● **Dataset section**:
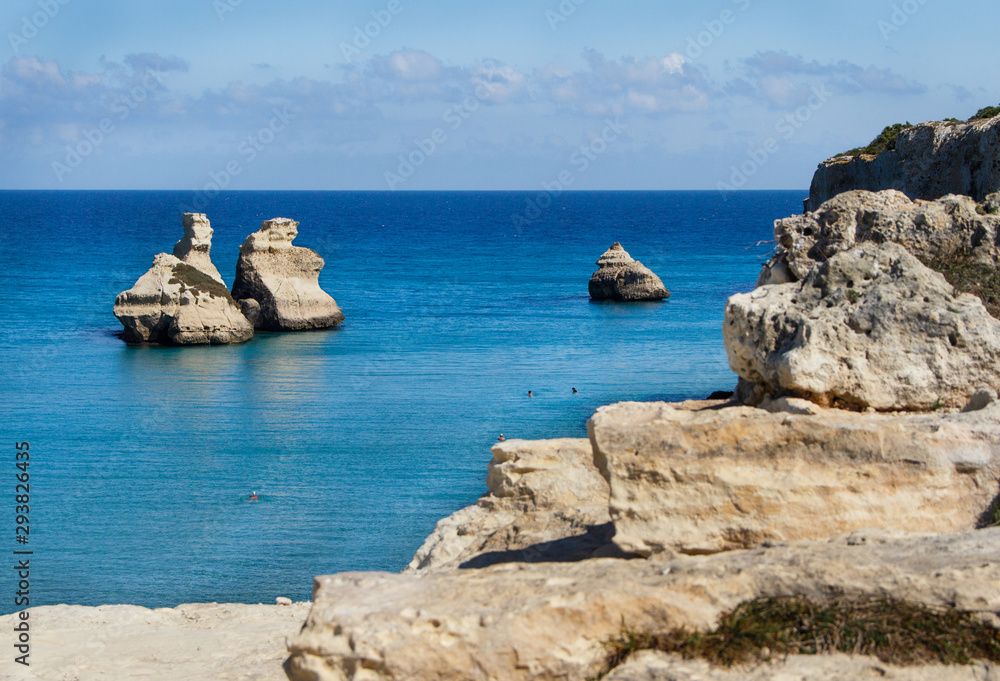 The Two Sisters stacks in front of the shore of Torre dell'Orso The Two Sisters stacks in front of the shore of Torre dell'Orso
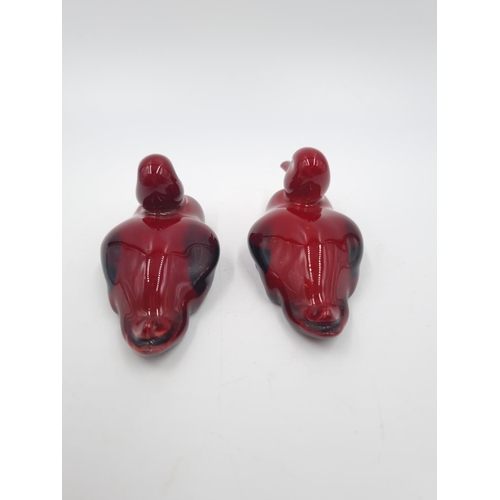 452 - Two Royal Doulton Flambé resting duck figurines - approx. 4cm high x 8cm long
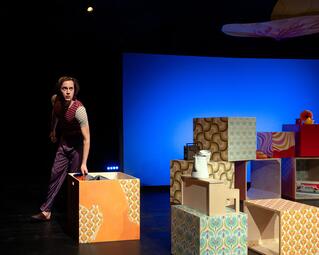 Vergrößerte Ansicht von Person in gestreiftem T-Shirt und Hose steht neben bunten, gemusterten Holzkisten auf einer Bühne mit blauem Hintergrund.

● **Activity**:
Could you copy each line above exactly as written, minus any pictures?

● **Task answer**:
 The Two Sisters stacks in front of the shore of Torre dell'Orso The Two Sisters stacks in front of the shore of Torre dell'Orso
 452 - Two Royal Doulton Flambé resting duck figurines - approx. 4cm high x 8cm long
 Vergrößerte Ansicht von Person in gestreiftem T-Shirt und Hose steht neben bunten, gemusterten Holzkisten auf einer Bühne mit blauem Hintergrund.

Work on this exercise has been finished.